Load data

You can expedite indexing by the way you load your data into the table.

Non-indexed tables

Indexing is fastest when you load the data into a non-indexed table and then create the etx index.

Preindexed tables

It is not always possible to insert all data into a table before you create the index. If you must insert large numbers of rows into a preindexed table, collect multiple rows in a nonindexed staging or temporary table and then insert them into the main table as a transaction.

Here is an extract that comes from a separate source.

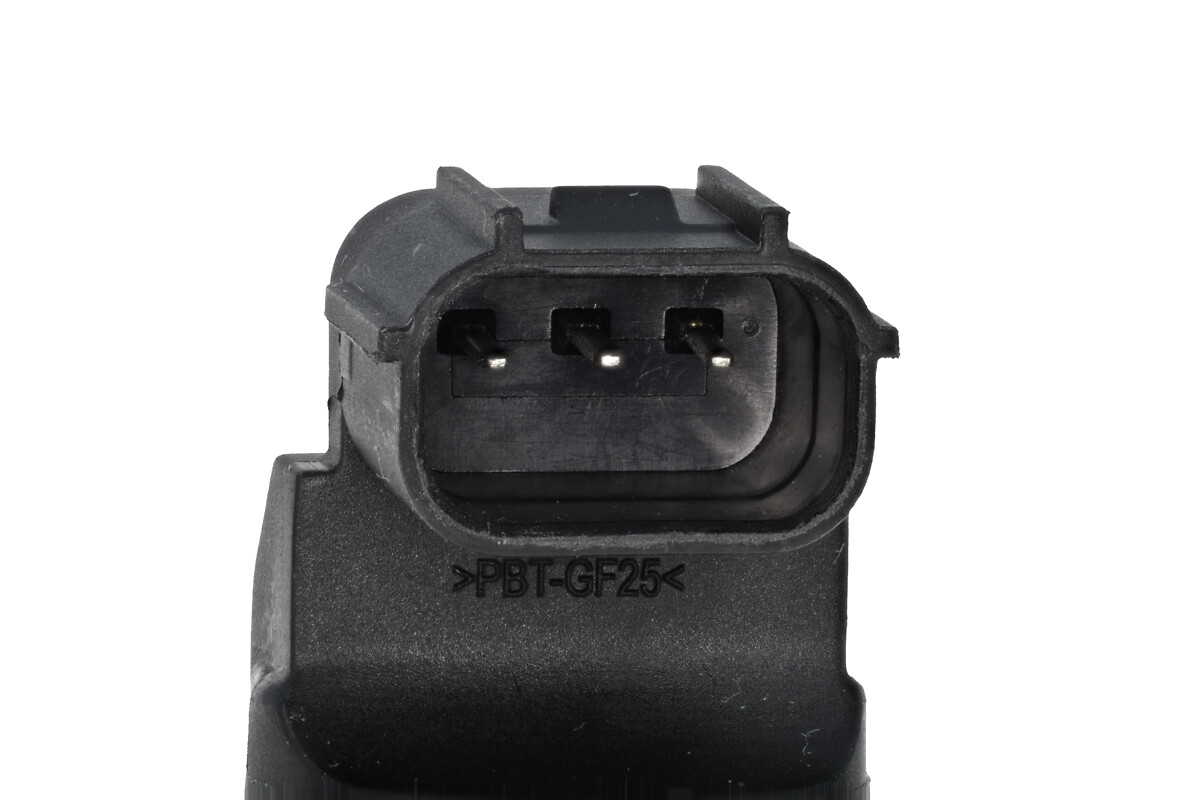 CAMSHAFT SENSOR_366539_02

For example, suppose the preindexed table is called maintab. Create a table called stagingtab that looks exactly like the maintab table, but with no etx index built on it. Insert a batch of documents into the stagingtab table; then insert these documents into the maintab table by using an INSERT statement similar to the following example:
BEGIN WORK;
INSERT INTO maintab ... SELECT * FROM stagingtab;
COMMIT WORK;

You can also improve performance by encapsulating the INSERT statement in a transaction with the BEGIN WORK and COMMIT WORK statements; doing this allows a table lock to be taken immediately on the maintab table, so you avoid the cost of lock escalation.

If you are inserting data into a fragmented etx index, you can further optimize the insertion throughput if you can segment your data to match the index fragmentation scheme, if you have multiple CPUs available, and if you can run concurrent data loading.

Create a temporary table and data loading process for each index fragment. Each data loading process would first insert the data into its own copy of a staging table and then into the target table. Doing this affects only one index fragment and locks only that fragment. Additional loaders can load data into separate staging tables and index fragments and take advantage of the parallelism of the multiple CPU system.

You must balance the number of rows you stage against concurrency requirements, because the affected index fragment or fragments are locked against all other users until the insertion is completed and the transaction is committed.